The court reviews the bankruptcy court's findings under traditional appellate standards. Legal conclusions are reviewed de novo, and factual conclusions are reviewed for clear error. In re Brundage, No. BR 12-35869, 2015 WL 4658020, at *3 (S.D. Tex. Aug. 5, 2015). "[A] finding is `clearly erroneous' when although there is evidence to support it, the reviewing court on the entire evidence is left with the definite and firm conviction that a mistake has been committed." In re Renaissance Hosp. Grand Prairie Inc., 713 F.3d 285, 293 (5th Cir. 2013) (quoting Anderson v. Bessemer City, 470 U.S. 564, 573-74 (1985)).

2. The Record Does Not Support the District Court's Factual Findings.

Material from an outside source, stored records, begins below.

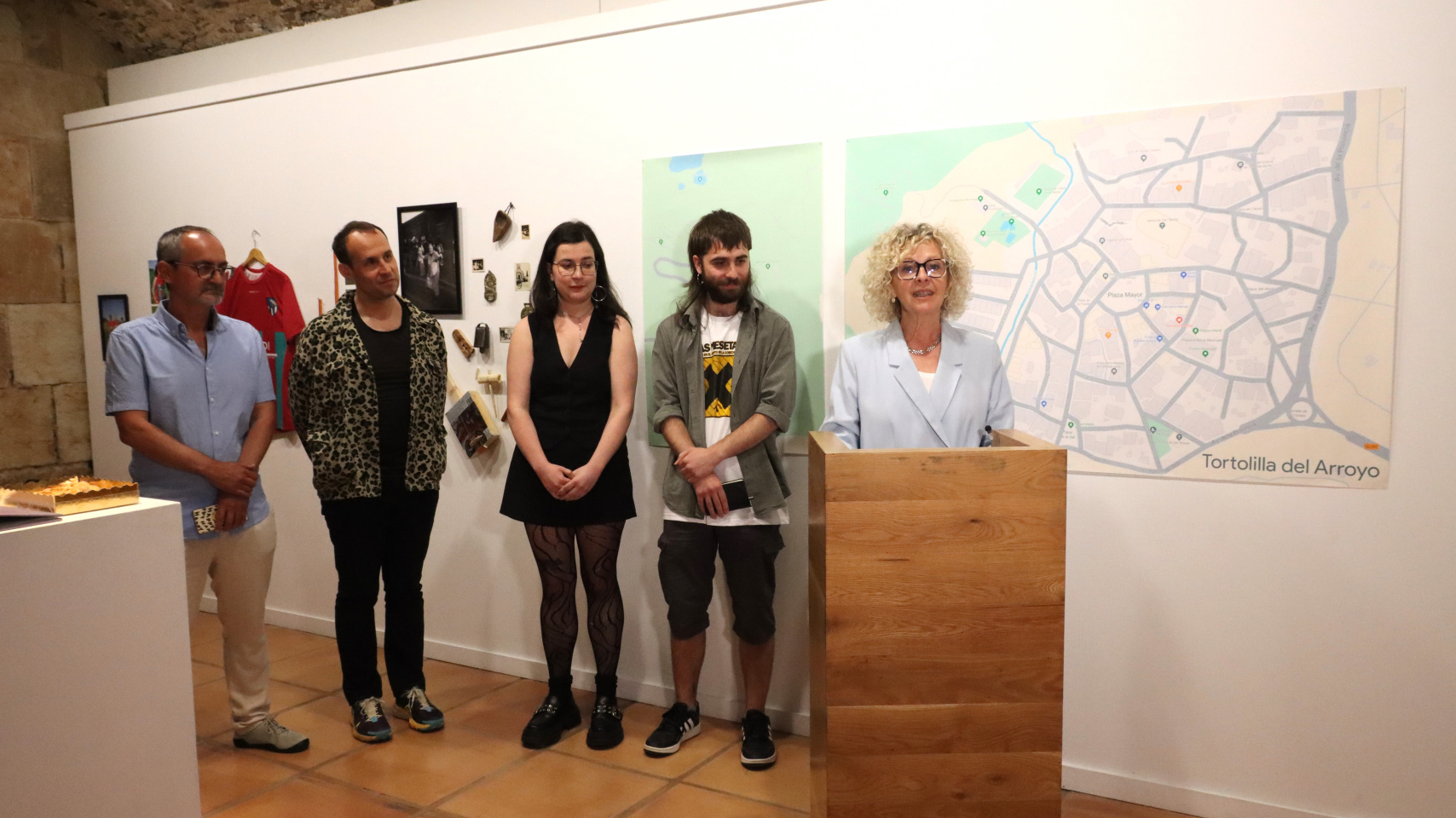 Rueda de prensa de la inaguración de la exposición 'The Tortolilla Project'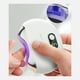 thumbnail image 3 of Cortauñas Portatil Automatico Recargable USB Lampara UV, 3 of 3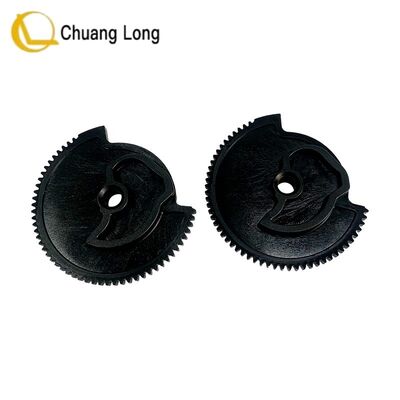 เฟืองจานลูกเบี้ยว Wincor VM3 สีดำ 01750101956-68 เฟือง 48TX3W ฝาครอบแรงดันรับ 01750047770 CCDM โมดูลรับฝากเงินสด ส่วนประกอบ ATM CRS Selfserv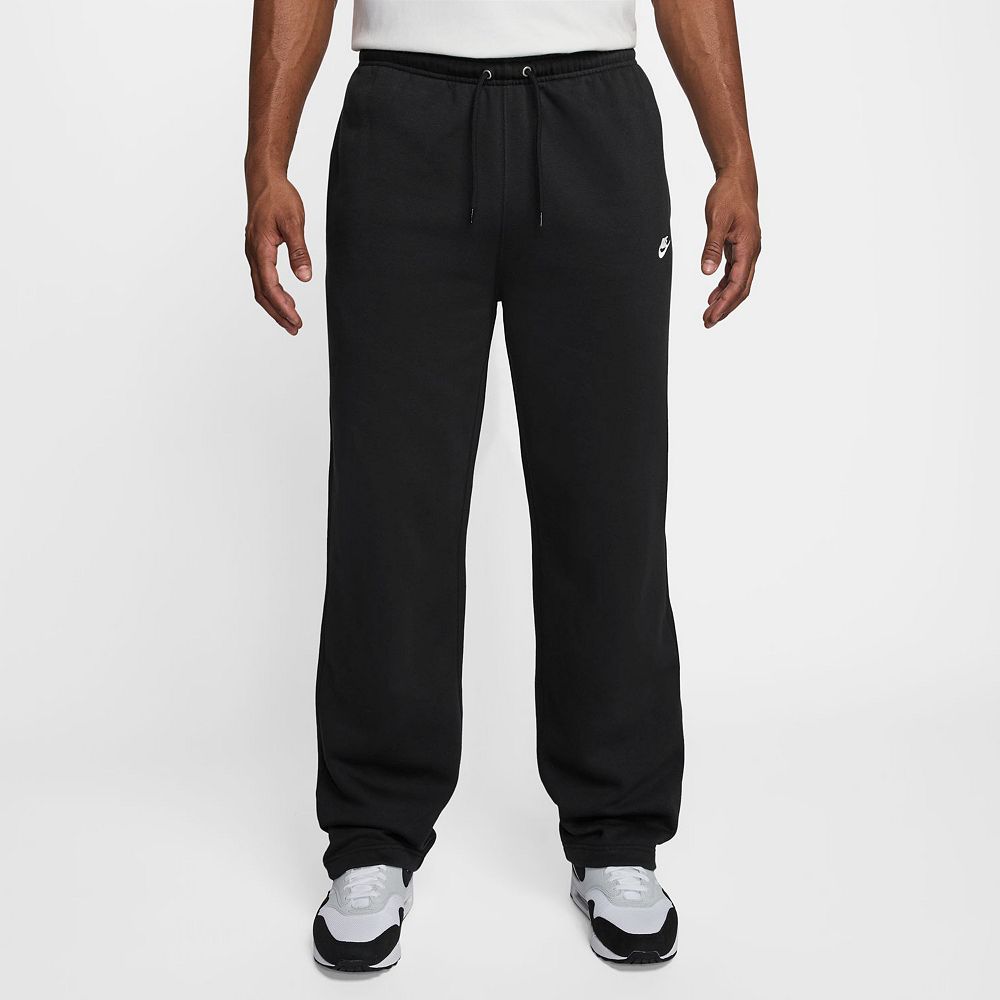 Men's Nike Open-Hem Fleece Pants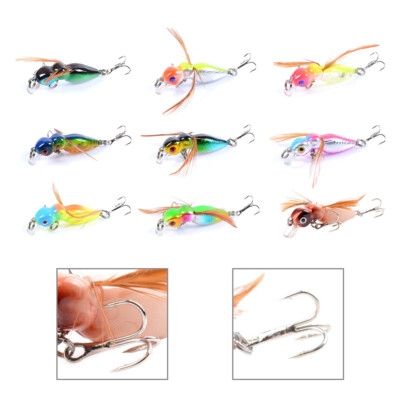 black fly fishing lures Murray's Hellgrammite Black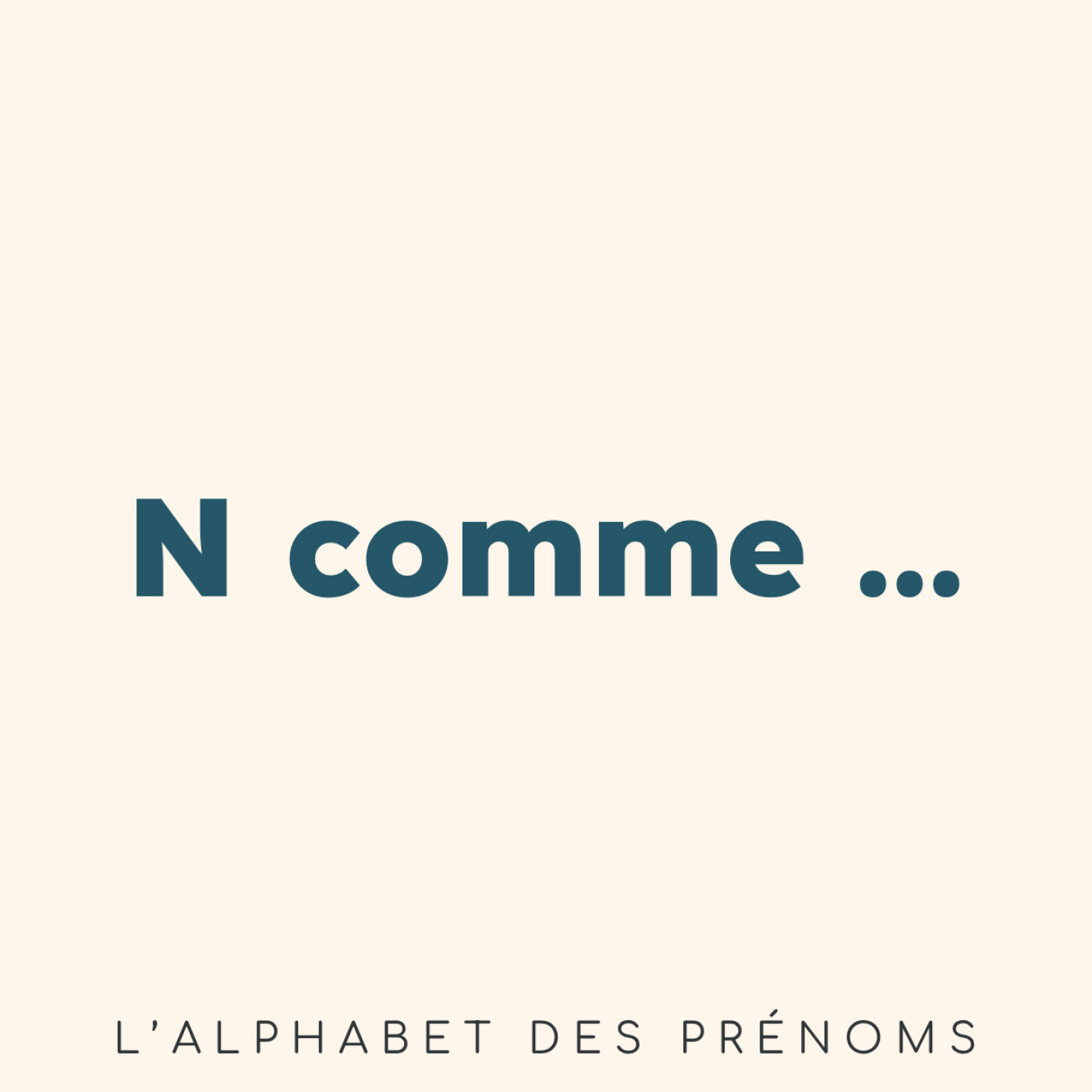 N comme Nathanaël episode artwork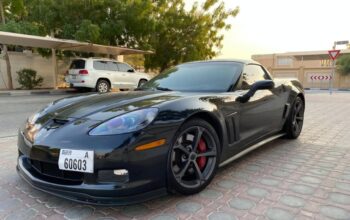 Chevrolet Corvette C6 Grand Sport 2012 Gcc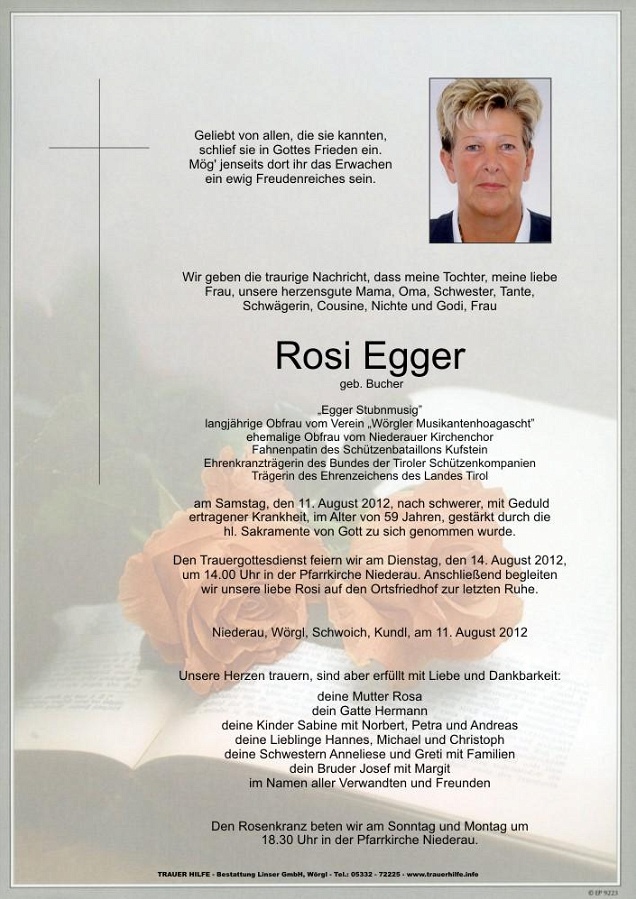 Rosi Egger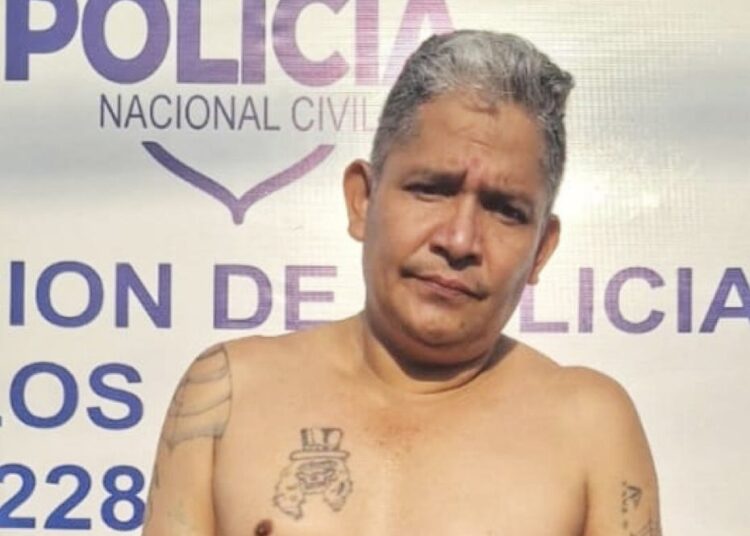 Detienen a gatillero de la 18R que intentó reclutar jóvenes a las pandillas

a. The factual finding that, during the bankruptcy proceeding, Hytorc knew that Rapid-Torc asserted ownership over the drawings is clearly erroneous.

The bankruptcy court found that Rapid-Torc had asserted its ownership of the drawings at issue in the New Jersey litigation during the earlier Houston bankruptcy proceeding and that Hytorc knew of Rapid-Torc's ownership claim. The bankruptcy court (and Atlas on appeal) assert that Hytorc knew during the Houston bankruptcy that Rapid-Torc had been sending drawings to Triad and Nazareth based on Hytorc drawings, and that Hytorc believed it was the only and rightful owner of those drawings. The Houston bankruptcy court's findings that Rapid-Torc had asserted ownership of the drawings and that Hytorc knew this fact during the bankruptcy were critical to the court's conclusions that it had jurisdiction to enforce its prior orders by enjoining Hytorc from litigating the New Jersey case and by deciding the claims Hytorc raised in New Jersey on the merits.

Hytorc argues that the findings were clearly erroneous. Hytorc argues that there was no evidence that it knew during the bankruptcy proceeding that Rapid Torc was asserting ownership in the Hytorc drawings. Instead, Hytorc argues that the New Jersey lawsuit deals with drawings and claims that were not involved in, or resolved by, Rapid-Torc's bankruptcy. According to Hytorc's claims in New Jersey, when Triad and Nazareth manufactured products for Hytorc to sell to Rapid-Torc, they did so based on designs they received from Hytorc. In New Jersey, Hytorc alleged that after it stopped ordering tools manufactured by Triad and Nazareth under the Rapid-Torc brand for sale to Rapid-Torc, Triad and Nazareth dealt directly with Rapid-Torc, manufacturing tools based on the Hytorc drawings already in its possession. Hytorc argues that it did not know that Rapid-Torc claimed ownership in those drawings during the bankruptcy proceeding. Although Hytorc believed and alleged in the New Jersey court that Triad and Nazareth were missapropriating its drawings and using them to manufacture tools for Rapid-Torc, Hytorc asserts that no evidence supports an inference that it knew at any time before the bankruptcy court issued the order enjoining the New Jersey case that Rapid-Torc asserted that it, not Hytorc, owned those drawings.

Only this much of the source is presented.